- What to produce
When you reach the line containing "Jeans: Zara Jeans" in the entries below, start writing out each line exactly, and stop after the line containing "Snapshot of Saanvi_kannadagirl".

- Material for this task
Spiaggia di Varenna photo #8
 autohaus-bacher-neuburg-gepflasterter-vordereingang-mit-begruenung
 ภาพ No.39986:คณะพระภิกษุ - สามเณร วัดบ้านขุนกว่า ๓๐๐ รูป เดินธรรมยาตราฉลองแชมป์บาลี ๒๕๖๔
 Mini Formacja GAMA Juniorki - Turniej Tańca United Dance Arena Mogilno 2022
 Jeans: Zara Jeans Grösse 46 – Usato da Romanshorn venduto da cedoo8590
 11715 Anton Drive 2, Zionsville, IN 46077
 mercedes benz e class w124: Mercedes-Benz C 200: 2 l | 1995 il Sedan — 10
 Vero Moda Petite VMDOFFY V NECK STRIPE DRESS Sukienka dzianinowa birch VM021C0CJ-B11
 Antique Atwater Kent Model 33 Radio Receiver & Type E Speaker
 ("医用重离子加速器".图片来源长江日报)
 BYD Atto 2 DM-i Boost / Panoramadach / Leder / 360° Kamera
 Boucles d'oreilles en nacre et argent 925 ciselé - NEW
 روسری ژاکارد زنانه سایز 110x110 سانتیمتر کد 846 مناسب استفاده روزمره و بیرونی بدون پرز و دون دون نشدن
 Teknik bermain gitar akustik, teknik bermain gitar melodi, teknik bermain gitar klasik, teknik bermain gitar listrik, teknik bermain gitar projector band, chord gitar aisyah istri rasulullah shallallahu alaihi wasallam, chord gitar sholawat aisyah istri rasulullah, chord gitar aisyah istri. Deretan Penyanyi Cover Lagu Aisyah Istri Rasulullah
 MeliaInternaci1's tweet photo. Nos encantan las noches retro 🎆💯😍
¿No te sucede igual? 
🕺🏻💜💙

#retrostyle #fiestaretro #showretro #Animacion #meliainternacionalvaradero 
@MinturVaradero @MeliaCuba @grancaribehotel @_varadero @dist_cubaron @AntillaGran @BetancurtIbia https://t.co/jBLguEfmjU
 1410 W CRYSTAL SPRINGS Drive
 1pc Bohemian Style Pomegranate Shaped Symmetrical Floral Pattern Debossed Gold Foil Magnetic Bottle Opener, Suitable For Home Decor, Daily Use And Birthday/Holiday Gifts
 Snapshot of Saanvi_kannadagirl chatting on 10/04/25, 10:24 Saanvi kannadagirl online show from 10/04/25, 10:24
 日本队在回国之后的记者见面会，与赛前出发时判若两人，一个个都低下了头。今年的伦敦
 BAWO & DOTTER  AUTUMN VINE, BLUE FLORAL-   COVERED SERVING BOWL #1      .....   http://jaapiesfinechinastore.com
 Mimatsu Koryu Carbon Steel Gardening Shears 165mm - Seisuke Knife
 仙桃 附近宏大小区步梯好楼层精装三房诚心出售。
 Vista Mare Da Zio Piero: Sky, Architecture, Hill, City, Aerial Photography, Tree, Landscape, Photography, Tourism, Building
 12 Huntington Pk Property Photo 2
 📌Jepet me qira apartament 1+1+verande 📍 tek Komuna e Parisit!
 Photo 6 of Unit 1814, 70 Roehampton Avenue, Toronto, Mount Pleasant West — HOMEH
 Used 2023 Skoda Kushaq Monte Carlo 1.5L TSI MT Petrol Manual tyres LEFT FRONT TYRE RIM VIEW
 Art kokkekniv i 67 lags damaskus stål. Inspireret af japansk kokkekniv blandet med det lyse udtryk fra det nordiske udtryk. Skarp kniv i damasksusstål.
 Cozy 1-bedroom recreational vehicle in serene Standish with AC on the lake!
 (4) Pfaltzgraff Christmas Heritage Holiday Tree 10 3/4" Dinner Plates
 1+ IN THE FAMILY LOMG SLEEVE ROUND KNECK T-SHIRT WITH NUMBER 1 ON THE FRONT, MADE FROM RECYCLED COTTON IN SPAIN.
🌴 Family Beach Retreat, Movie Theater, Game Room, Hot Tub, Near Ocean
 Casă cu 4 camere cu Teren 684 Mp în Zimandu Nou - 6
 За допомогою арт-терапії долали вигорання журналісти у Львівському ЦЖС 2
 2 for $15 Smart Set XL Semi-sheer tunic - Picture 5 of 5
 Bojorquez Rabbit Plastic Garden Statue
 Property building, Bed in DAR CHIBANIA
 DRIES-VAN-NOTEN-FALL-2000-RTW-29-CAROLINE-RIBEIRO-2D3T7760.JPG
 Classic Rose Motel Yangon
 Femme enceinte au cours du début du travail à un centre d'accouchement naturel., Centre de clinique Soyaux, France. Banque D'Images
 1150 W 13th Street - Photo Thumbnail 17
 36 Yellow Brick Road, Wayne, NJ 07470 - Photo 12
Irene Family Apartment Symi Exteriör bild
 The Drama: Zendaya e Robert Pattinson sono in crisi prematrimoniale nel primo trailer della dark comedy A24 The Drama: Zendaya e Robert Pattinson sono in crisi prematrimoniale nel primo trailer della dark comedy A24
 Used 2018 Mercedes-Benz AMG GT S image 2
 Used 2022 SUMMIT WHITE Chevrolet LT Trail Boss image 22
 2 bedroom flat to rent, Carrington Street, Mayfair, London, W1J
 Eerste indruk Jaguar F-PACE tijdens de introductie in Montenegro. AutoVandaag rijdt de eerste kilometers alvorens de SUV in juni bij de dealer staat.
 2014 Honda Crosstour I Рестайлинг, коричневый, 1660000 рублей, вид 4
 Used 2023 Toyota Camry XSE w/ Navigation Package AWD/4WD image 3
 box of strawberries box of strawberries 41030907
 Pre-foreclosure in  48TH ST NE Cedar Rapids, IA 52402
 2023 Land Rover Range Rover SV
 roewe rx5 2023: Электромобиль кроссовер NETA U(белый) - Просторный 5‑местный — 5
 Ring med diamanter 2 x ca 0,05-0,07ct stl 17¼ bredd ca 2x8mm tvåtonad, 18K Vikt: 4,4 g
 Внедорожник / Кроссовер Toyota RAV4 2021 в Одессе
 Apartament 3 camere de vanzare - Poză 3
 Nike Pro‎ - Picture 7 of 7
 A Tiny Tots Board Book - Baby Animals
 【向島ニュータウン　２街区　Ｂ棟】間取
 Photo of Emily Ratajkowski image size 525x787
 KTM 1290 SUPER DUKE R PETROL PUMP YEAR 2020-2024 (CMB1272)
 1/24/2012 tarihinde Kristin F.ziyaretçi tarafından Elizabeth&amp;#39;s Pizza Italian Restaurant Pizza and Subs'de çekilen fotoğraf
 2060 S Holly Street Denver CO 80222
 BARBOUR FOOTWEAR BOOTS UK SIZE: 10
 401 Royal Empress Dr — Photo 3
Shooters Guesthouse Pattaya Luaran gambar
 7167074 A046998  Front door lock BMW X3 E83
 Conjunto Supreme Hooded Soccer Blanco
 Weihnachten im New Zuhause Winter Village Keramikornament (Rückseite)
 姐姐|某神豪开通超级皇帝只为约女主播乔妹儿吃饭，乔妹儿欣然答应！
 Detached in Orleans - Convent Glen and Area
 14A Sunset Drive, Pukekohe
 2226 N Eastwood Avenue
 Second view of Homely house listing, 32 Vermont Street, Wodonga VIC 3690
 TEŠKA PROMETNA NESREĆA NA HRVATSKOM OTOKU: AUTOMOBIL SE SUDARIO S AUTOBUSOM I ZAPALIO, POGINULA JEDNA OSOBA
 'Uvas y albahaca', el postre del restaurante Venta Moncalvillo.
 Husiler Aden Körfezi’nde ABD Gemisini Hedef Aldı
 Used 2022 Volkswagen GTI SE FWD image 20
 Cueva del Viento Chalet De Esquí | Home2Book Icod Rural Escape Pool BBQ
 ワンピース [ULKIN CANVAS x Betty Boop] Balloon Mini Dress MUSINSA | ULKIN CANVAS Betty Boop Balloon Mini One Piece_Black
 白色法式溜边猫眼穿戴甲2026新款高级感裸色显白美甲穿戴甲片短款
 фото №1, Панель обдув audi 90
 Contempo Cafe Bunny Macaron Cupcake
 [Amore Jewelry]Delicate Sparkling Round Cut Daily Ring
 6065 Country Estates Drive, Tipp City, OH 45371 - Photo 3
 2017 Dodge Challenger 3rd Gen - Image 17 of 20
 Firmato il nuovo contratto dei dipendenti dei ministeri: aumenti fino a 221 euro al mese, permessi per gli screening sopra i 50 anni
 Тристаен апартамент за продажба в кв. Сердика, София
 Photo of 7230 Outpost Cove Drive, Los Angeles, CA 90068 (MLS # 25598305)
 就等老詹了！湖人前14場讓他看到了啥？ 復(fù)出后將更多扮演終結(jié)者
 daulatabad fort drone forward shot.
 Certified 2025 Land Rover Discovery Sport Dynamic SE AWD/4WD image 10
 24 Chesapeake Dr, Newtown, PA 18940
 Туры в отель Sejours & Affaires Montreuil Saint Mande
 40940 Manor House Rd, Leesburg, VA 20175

- Answer to the exercise
 Jeans: Zara Jeans Grösse 46 – Usato da Romanshorn venduto da cedoo8590
 11715 Anton Drive 2, Zionsville, IN 46077
 mercedes benz e class w124: Mercedes-Benz C 200: 2 l | 1995 il Sedan — 10
 Vero Moda Petite VMDOFFY V NECK STRIPE DRESS Sukienka dzianinowa birch VM021C0CJ-B11
 Antique Atwater Kent Model 33 Radio Receiver & Type E Speaker
 ("医用重离子加速器".图片来源长江日报)
 BYD Atto 2 DM-i Boost / Panoramadach / Leder / 360° Kamera
 Boucles d'oreilles en nacre et argent 925 ciselé - NEW
 روسری ژاکارد زنانه سایز 110x110 سانتیمتر کد 846 مناسب استفاده روزمره و بیرونی بدون پرز و دون دون نشدن
 Teknik bermain gitar akustik, teknik bermain gitar melodi, teknik bermain gitar klasik, teknik bermain gitar listrik, teknik bermain gitar projector band, chord gitar aisyah istri rasulullah shallallahu alaihi wasallam, chord gitar sholawat aisyah istri rasulullah, chord gitar aisyah istri. Deretan Penyanyi Cover Lagu Aisyah Istri Rasulullah
 MeliaInternaci1's tweet photo. Nos encantan las noches retro 🎆💯😍
¿No te sucede igual? 
🕺🏻💜💙

#retrostyle #fiestaretro #showretro #Animacion #meliainternacionalvaradero 
@MinturVaradero @MeliaCuba @grancaribehotel @_varadero @dist_cubaron @AntillaGran @BetancurtIbia https://t.co/jBLguEfmjU
 1410 W CRYSTAL SPRINGS Drive
 1pc Bohemian Style Pomegranate Shaped Symmetrical Floral Pattern Debossed Gold Foil Magnetic Bottle Opener, Suitable For Home Decor, Daily Use And Birthday/Holiday Gifts
 Snapshot of Saanvi_kannadagirl chatting on 10/04/25, 10:24 Saanvi kannadagirl online show from 10/04/25, 10:24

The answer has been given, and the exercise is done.